Zuniga labled Totopotmoy Creek as Manaskint, but it was wrongly
translatd as Menaskunt, so no one made the naming connection. Langstron
called Totopotomov Creek Manskin creek. (They were
just across the creek). Next Herman labels the Manskin Indians as living on Guttin Isle, but historians discount Herman because they confuse his label of Manskin with the Manakin Indians who were 50 miles upriver. Historians at the time considered his label as erroneous. The Manskin Indians seem to
be one of the two villages that all the Pamunkey Indians coalesced into after the intrusion of white
settlers. After 1750, history lost the Manskin Indians as a
tribe. Is shows up in no lists of the villages
in current inventories.
Martha McCartney relocates Opechancanoughs
village of Menmend as “the Island”
which later maps show as populated by Manskin Indians. But it has been in the old maps and new maps all along because it lives on in the creek and town
names. “Manskin Lodge” farm is still across from
Totopotomoy creek. The Manskin Indians that lived on “the Island”

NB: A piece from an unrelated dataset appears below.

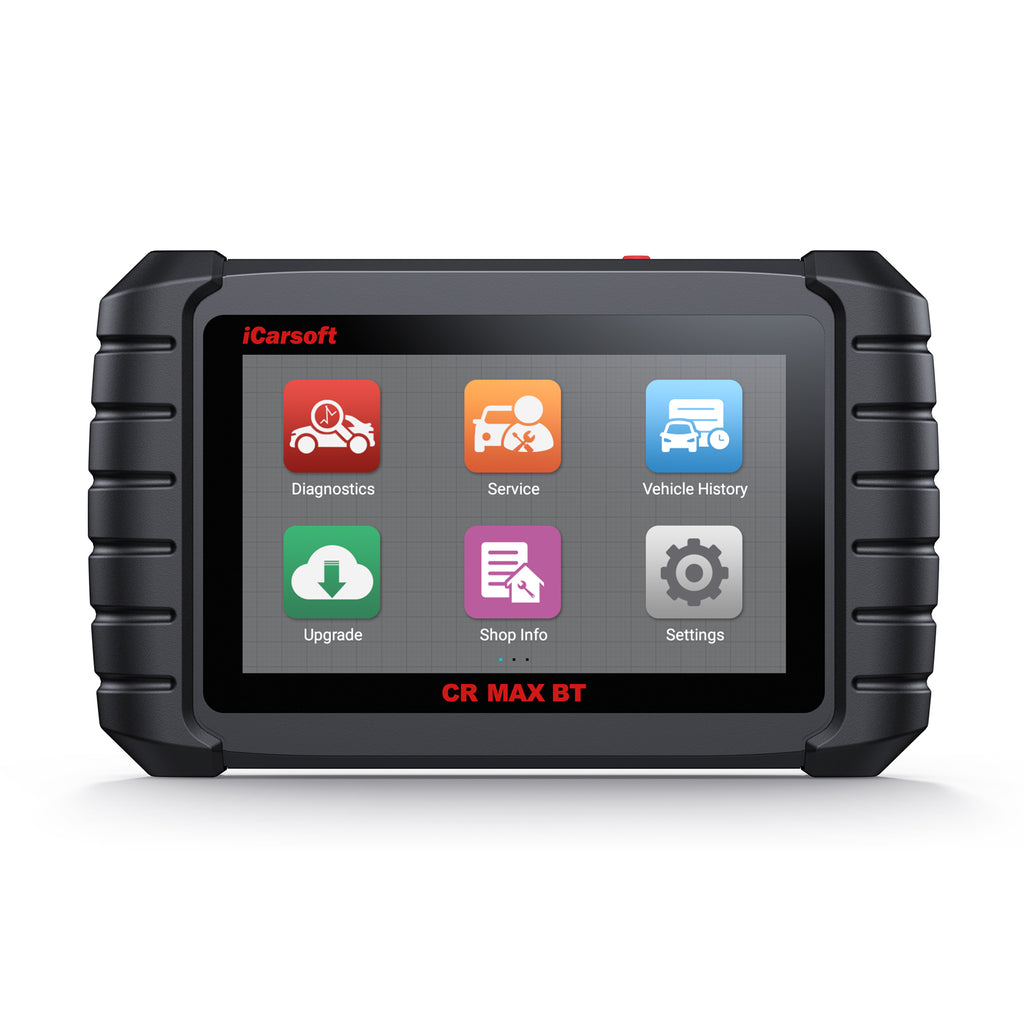 iCarsoft CR MAX BT Wireless Multi-Brand Full System Scanner 40 Functions Resets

just below the town listed on
current USGS Maps as Manquin. And the creeks name is Moncuin creek which is a simple mispronunciation of Manskin. Right under our
noses but not recognized.
Conclusion is that Opechancanough is
likely to have been a Manskin Indian,
who were probably a renamed Youghtanund tribe, a sister
tribe to the Pamunkeys that has been lost to history.